Getting out and seeing other mums is such an important part of the first year as a parent.
Meeting other people that are going through the same difficulties and look just as worn down as you makes the tough times easier to bear. You can share a laugh about it, it lightens the load. When you’re in the grips of sleep deprivation (more on why this sucks so much here) it can be easy to get trapped in a negative spiral. Alone with your thoughts you can agonise over why everything is so hard and lose perspective.
Having a mummy pal group means you can share a little cry, bitch about the situation and make a joke. It also gets you out of the house. As much as I didn’t want to leave the house some days with Bubba One in the first year, I always felt really glad when I did. I kept that in mind whenever I thought I didn’t fancy going out and never regretted grabbing some fresh air.
I was lucky to have a ready-made bunch of mum mates who had children at roughly the same time as me.
However I also ventured out to meet other mums at various baby groups with Bubba One and then toddler groups with both kids in tow. So no one can accuse me of not giving them a chance. And after two years of giving several groups a go I’ve decided they’re not for me.
My main reason is I find most groups are attended by friends who are meeting up. They’re not necessarily there for a chat with strangers, they just want to catch up with their pals. So when I did make an effort to chat to people I just felt like I was intruding on their get-together. No one was ever rude, in fact they were friendly. It just all felt a bit forced to me.
I remember at one group I attended not one person spoke to me and I felt really quite uncomfortable. I didn’t feel able to strike up a conversation with anyone there so I left early and didn’t go back. There was one weekly group that I enjoyed with Bubba One but it was organised activities with a group leader so my focus was always on what my baby was doing. I had the odd chat with other mums but made no real lasting friendships.
Another group I attended was like Peppa Pig meets Barney the dinosaur on acid. The leader must have been exhausted by the end. There were puppets and sensory balls flying everywhere, a different sing-along starting every minute and sign language accompanied every bit. I can be a clown to get laughs out of my children but this was just too much for me.
The final straw was after Bubba Two was born and I tried a couple of groups with both kids. I realised I was going because I felt it was expected of me. Like I had to do it for myself and the children. Now I’ve sworn off the groups I’m still getting out and meeting up with other mums most days of the week at the park, soft play or each other’s homes.

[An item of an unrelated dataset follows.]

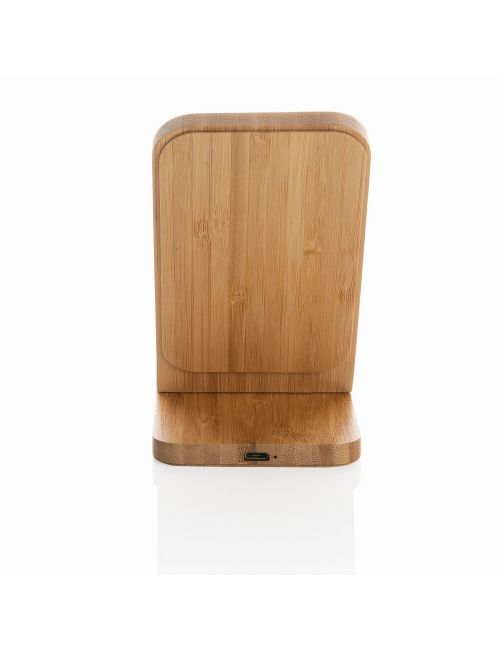 Bambusowa ładowarka bezprzewodowa 5W, stojak na telefon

I know some people attend baby groups and find them an absolute lifeline. I think this is great, particularly if you’ve only just moved to an area and know no one at all. This must be so isolating when you have a new baby.
I’m not ruling out going to baby and toddler groups in future. Rather, I won’t go out of a sense of duty that tells me I have to go to tick a parenting box.
What do you think of baby and toddler groups? Have you ever attended them or did you not bother? Did they help you meet new people? Did you make lasting friendships? I would love to hear if I’m alone on this one!